Artists, souvenir stands and old-fashioned streetlamps set the tone for the Arbat in 2010. It's a lively oasis from Moscow's relentless traffic. The origin of the name is uncertain, but may derive from an Arabic word for "suburb". The street has seen medieval traders and carriage makers, destruction by fires, gentrification by 19th century poets and merchants and house-to-house fighting in 1917. It was pedestrianised in 1986 on the initiative of Boris Yeltsin.

Take the first right, past the ridiculously over-themed Genetsvale Restaurant, for a contrasting view of Novy (new) Arbat. The Zhiguli bar on the corner offers dirt-cheap food and Zhiguli beer in an authentic 60s stolovaya ("canteen") setting, with a view of the Church of Simeon Stylites.

The 18th century Count, Nikolai Sheremetev, married the serf opera singer, Praskovya, in this church. Turn left under the shadow of the brutalist tower blocks, passing the Shamrock bar on the upper floor of the shopping arcade. There are several Patrick's-day tipples here, including Harp, Guinness and Jamesons. The shop in the basement of this arcade is still known as the "Irish Supermarket" after the original owners from Ireland. Turn left again immediately after Shokoladnitsa down some steep steps and along Serebryany Pereulok ("silver lane") back onto Stary Arbat.

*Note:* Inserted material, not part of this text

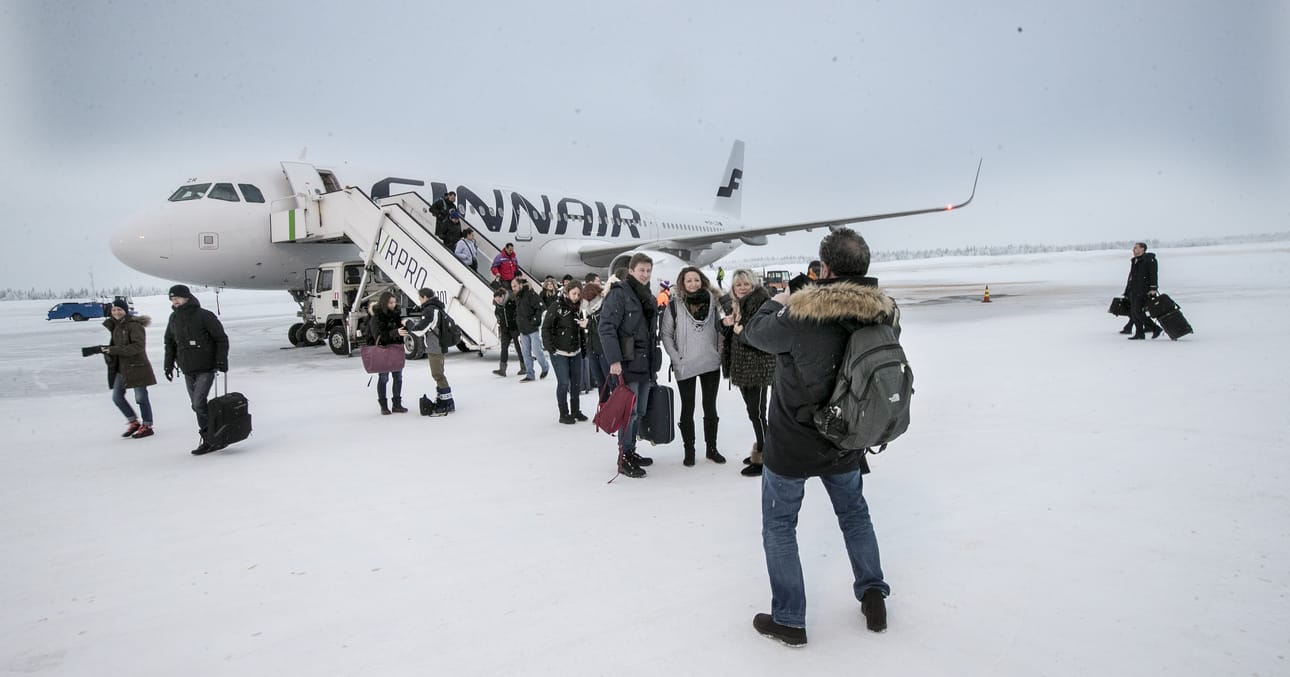 Pariisin-koneesta laskeutuneet matkailijat ottavat kuvia Kittilän lentoasemalla.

Looking left, you can see a tram that sells bliny and a blue trolleybus bar; near the remains of the Wall of Peace is a section of painted bricks dating from the détente era. The trolleybus, a tribute to one of bard-poet Bulat Okudzhava's best-loved songs, promises concerts every evening, but couldn't deliver any drinks when we dropped in. If you're thirsty, you'll find Doolin house a few steps to your right. This basement Irish bar comes complete with an authentic pub smell. Straight ahead on Starokonyushenny Pereulok ("old stables lane"), you can see a nineteenth century izba, a carved wooden house, where the actor Alexander Porokhovshikov lived. On the next corner of the Arbat, the knights and art nouveau details on the Samotsvety souvenir shop reflect the taste of the merchant who built it.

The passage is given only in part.